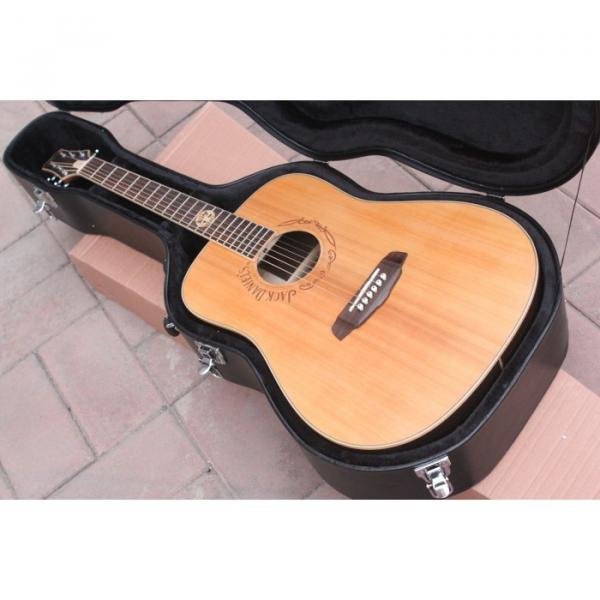 Custom Shop Jack Daniels Natural Acoustic Guitar #6 image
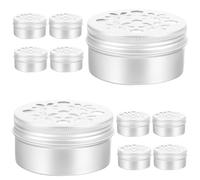 DECHOUS Coffret de Dressage Olfactif pour Chiens 10 Pièces en Aluminium Argenté 80ml Résistant à l'abrasion pour Entraînement Olfactif des Chiens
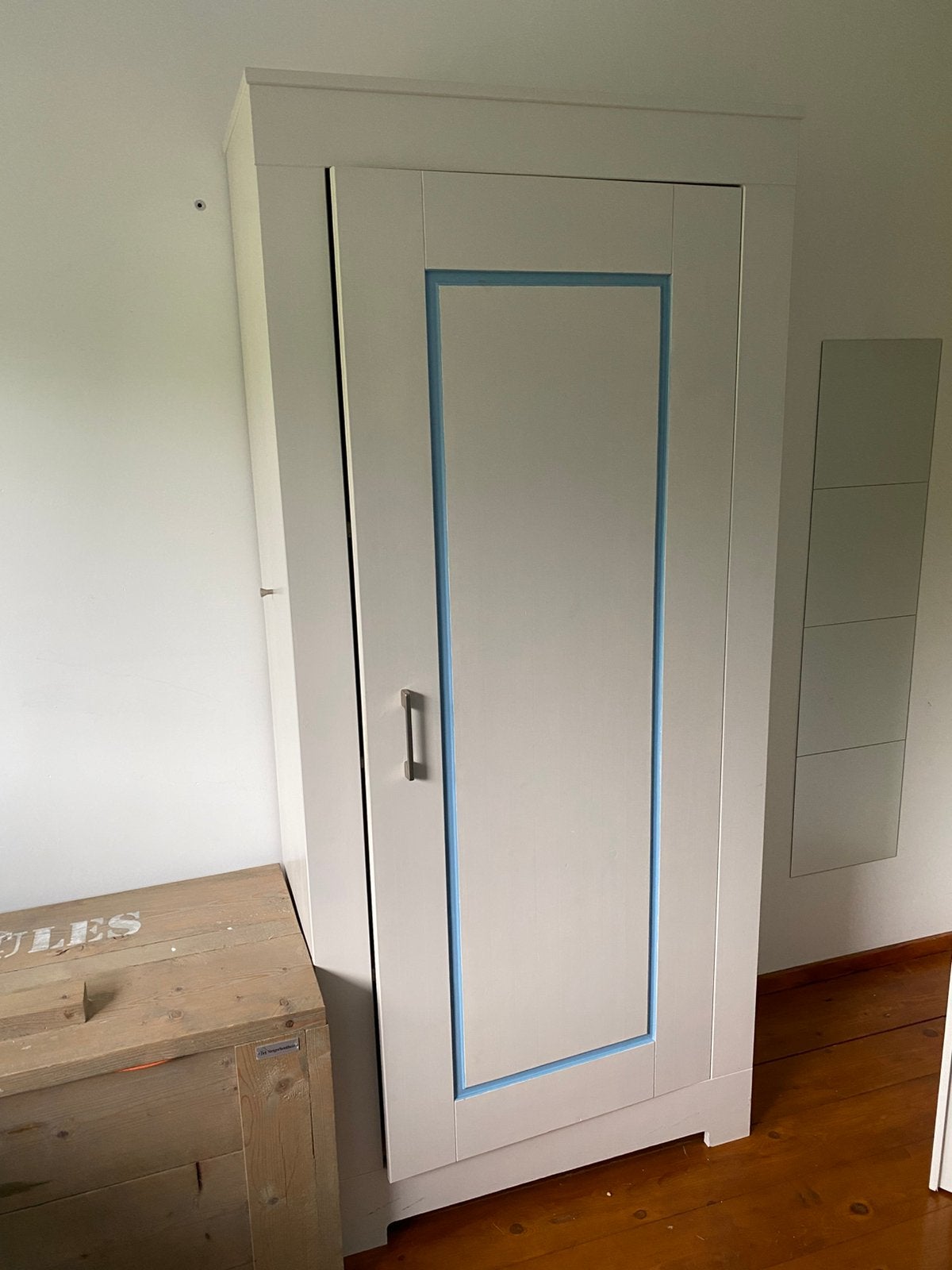 Kledingkast babykamer / kinderkamer, Ophalen, Gebruikt, 50 tot 100 cm, 150 tot 200 cm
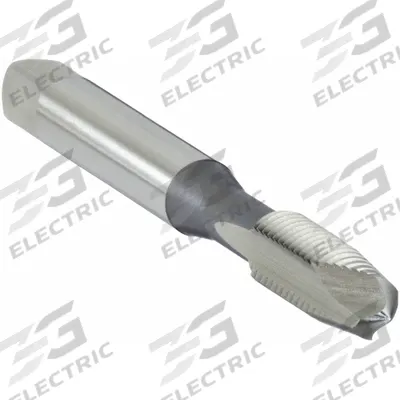 OSG Spiral Point Tap: #6-32 UNC, H5 / 2B-3B, 2 Flute, Plug Chamfer - General Purpose Spiral-Point Taps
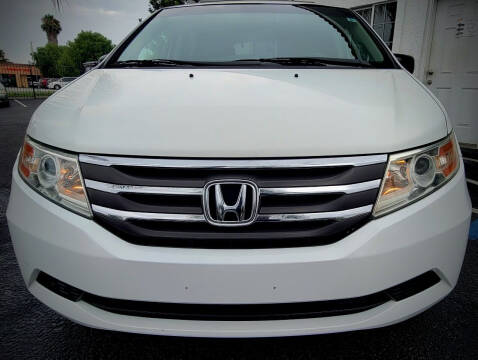 2012 Honda Odyssey EX-L w/Navi
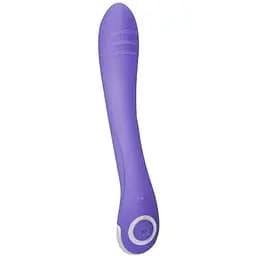 Вібратор EasyToys Good Vibes Only Lici 22.5 см фіолетовий
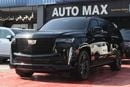 كاديلاك إسكالاد 600 Black Edition XL, GCC Under Warranty&Service Contract from Local Dealer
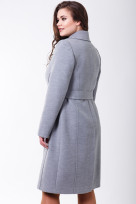 Пальто 2-505/9 Серый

### TASK ITEM:
Please reproduce, exactly and only, the lines from the line containing "Kledingkast babykamer /" through the last line of the material above, minus any pictures.

### ANSWER BELOW:
 Kledingkast babykamer / kinderkamer, Ophalen, Gebruikt, 50 tot 100 cm, 150 tot 200 cm
 OSG Spiral Point Tap: #6-32 UNC, H5 / 2B-3B, 2 Flute, Plug Chamfer - General Purpose Spiral-Point Taps
 2012 Honda Odyssey EX-L w/Navi
 Вібратор EasyToys Good Vibes Only Lici 22.5 см фіолетовий
 كاديلاك إسكالاد 600 Black Edition XL, GCC Under Warranty&Service Contract from Local Dealer
 Пальто 2-505/9 Серый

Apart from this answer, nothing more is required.